In this post, I introduce the problem of clipped audio when sound is recorded through a microphone. The post does not assume a signal processing background, but does assume Python programming knowledge. Though the tutorial will go through major parts of the declipping process, the full script can be found at our Github repository.
What is clipping?
Signals in longitudinal waves traverse through space through the oscillation of particles. As particles move back and forth, they push against each other. Thus, even though a single particle only moves a short distance, the signal in the wave is smoothly propagated through space. Dr. Daniel Russell gives an excellent demonstration of this phenomenon with a 1D longitudinal wave, in which a signal is propagated in one direction, from left to right:
Though sound waves are 3-dimensional, the principal of signal propagation is the same. Air particles push against each other, oscillating back and forth to propagate the sound signal through space. The amplitude of a longitudinal wave corresponds to the displacement of individual particles: how far they oscillate before returning to their position of equilibrium. In sound, we perceive amplitude as volume. The louder a sound signal is, the further the air particles are moving back and forth to propagate the signal before returning to their original state.

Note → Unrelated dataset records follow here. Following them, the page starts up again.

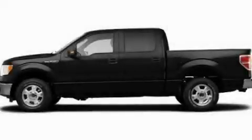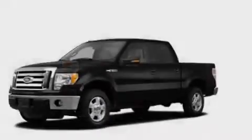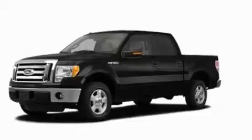This is a 2011 Ford F-150, made for the job site, the trail, and the town. It has a 3.5-liter six-cylinder engine and an automatic transmission.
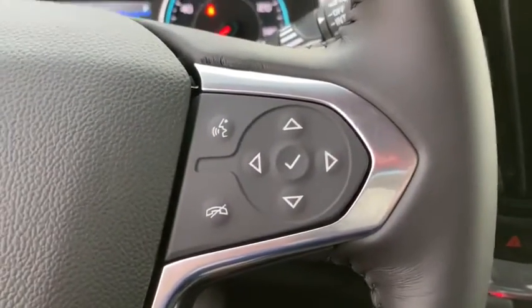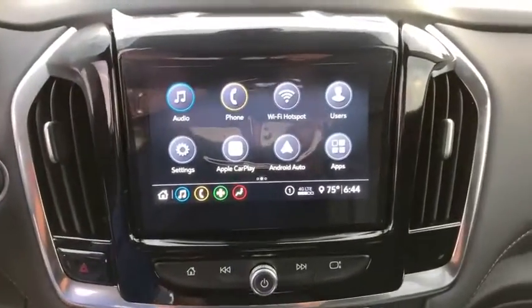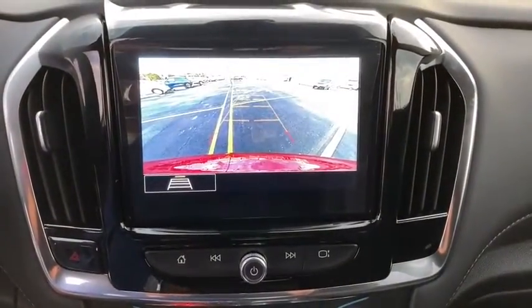This beauty is sure to make you the talk of the neighborhood, so call or drop in for a test drive today. Thank you.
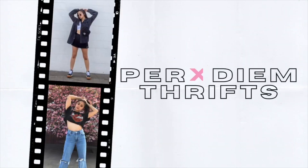Hey everybody, welcome back to my channel. It is Karina from Peridium Thrift and we are back with another monthly what's sold video. October was my highest sales month to date, so I am super excited to be sharing with you guys some of the pieces that sold as well as my overall stats.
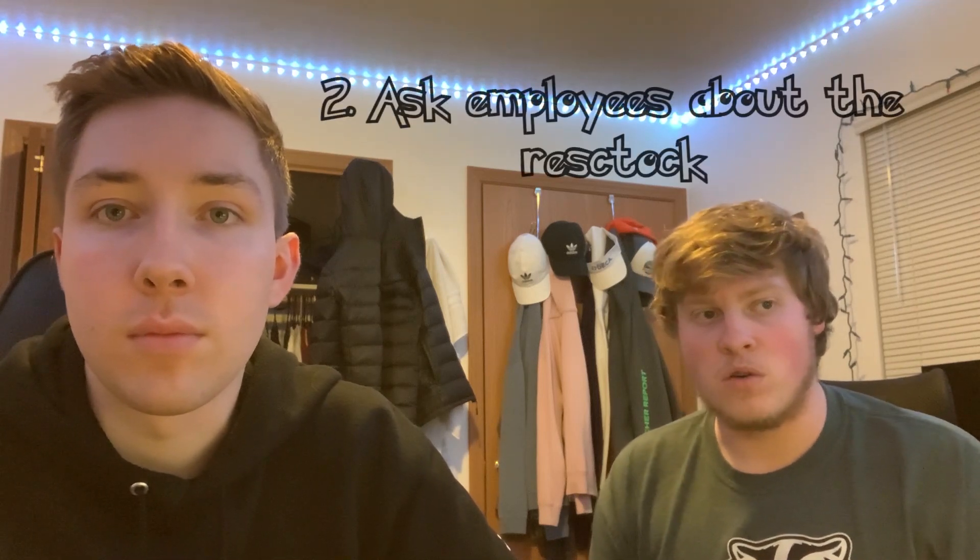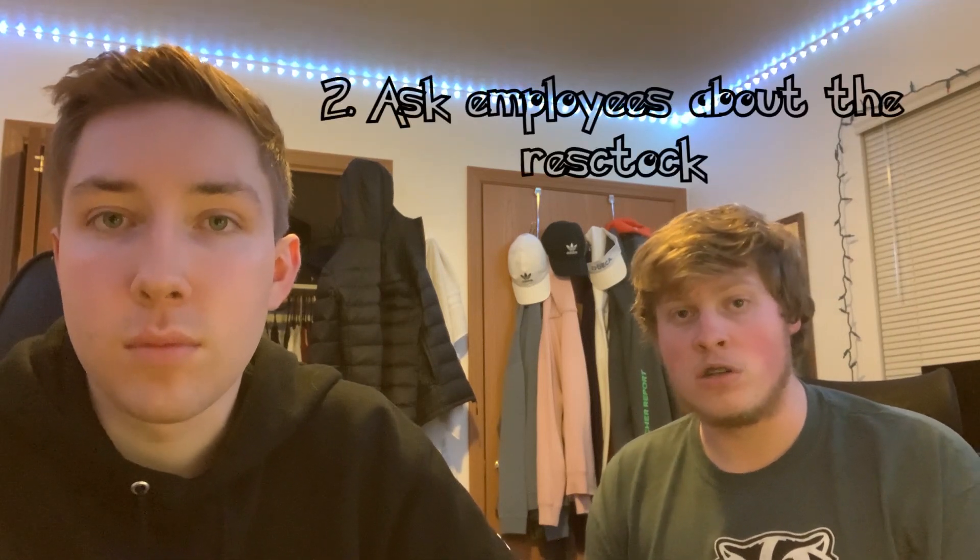Another thing that's important: when you're at the store, if there's an employee in the aisle, just ask them — do you know when they're going to be putting out cards, or do you know if the vendor's been here recently? Sometimes employees just don't know anything, which is fair, but a couple of times I've gotten helpful tips from employees. They'll sometimes straight up tell you when the vendor comes, so it never really hurts to ask.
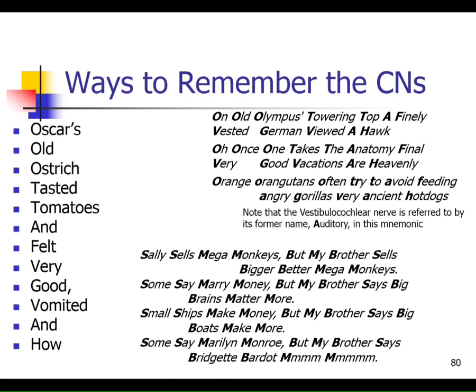Number eleven is the accessory nerve. It goes down to skeletal muscles you already know - the trapezius and the sternocleidomastoid. This nerve controls your ability to turn your head and shrug your shoulders. It's motor only. Number twelve is the hypoglossal - it heads to your tongue and all it does is allow you to move your tongue. Motor movement of the tongue.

The task of a microphone is convert this physical acoustic signal into electrical energy that can then be interpreted by computers, or passed on to speakers, etc. Microphones do this by using what is called a diaphragm: a thin flexible material that vibrates back and forth when bombarded by oscillating air particles in a sound wave. Unlike the oscillation of air particles, the oscillation of the diaphragm can be constrained in two ways: both by the physical space containing the diaphragm, and the power supply to it. In this way, microphones have a minimum and maximum amplitude that they can handle. If the original sound signal is at a volume (amplitude) too great for the diaphragm, the signal becomes “clipped”; some of the original acoustic signal is too loud to be converted into electrical energy. You can hear what this sounds like in the sample below.

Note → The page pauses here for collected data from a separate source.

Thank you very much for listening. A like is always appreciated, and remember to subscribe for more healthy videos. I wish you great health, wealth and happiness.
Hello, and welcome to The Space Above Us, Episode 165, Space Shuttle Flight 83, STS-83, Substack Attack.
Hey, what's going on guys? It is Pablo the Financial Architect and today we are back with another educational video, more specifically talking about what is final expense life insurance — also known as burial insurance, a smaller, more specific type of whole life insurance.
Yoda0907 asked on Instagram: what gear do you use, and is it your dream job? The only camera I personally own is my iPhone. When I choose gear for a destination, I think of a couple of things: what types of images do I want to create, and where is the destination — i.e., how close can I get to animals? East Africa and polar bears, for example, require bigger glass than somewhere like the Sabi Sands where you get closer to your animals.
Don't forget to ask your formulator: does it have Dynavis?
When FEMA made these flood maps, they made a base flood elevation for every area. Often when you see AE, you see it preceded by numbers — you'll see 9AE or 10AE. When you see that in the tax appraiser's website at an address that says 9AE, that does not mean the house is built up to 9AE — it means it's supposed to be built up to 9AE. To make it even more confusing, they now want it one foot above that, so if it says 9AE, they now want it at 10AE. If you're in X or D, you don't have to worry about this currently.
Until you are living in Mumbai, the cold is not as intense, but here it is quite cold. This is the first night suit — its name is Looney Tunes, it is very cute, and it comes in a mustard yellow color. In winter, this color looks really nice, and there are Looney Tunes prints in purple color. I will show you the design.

Here, the clipping is particularly prevalent in the word “fascinating”, which sounds quite buzzy compared to other words in the utterance.
Why is this a problem for TTS?
Neural text-to-speech (TTS) relies on having hours of recorded speech data divided into short utterances, such as the sample above. Through providing a neural model with hundreds or thousands of these training samples, paired with their corresponding text, it learns to create a mapping between the written text and the speech. Given enough data and training time, the model will eventually be able to synthesise new utterances that weren’t present in the training data.

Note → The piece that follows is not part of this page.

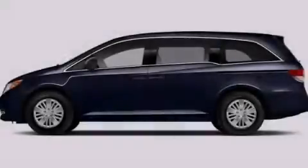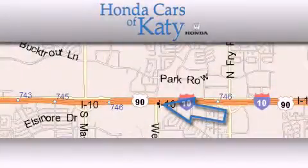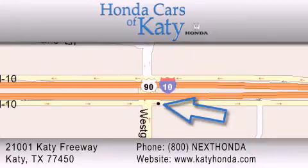Contact us today to arrange your test drive. Honda Cars of Katy is located at 2101 Katy Freeway in Katy. Our goal is to exceed all of your expectations to ensure that you'll return for future visits.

Because the neural model is trained on many of these samples, if only one or two contain clipping, the model will probably learn to ignore it as an anomaly; it won’t produce clipped speech. However, if the clipping is prevalent in the training data, the model will learn to replicate it as part of the target sound. This is particularly problematic when training with public domain data, where it is impossible to send the bad utterances back to studio to be rerecorded. To address this issue, we developed a system to identify clipped segments in audio files, and “declip” them.
What is declipping?
Declipping is the process by which we use interpolation to estimate the signal at its clipped segments, using information in the original signal that we know to be non-clipped. In this tutorial, we will walk through a three-step process to declip the clipped audio file above. First, we will see how to identify the clipped segments in the waveform. Then, we will see how to fix each of these segments, in an effort to restore what we hypothesise to be the original signal. Finally, we will see how to save our edited waveform as a new audio file.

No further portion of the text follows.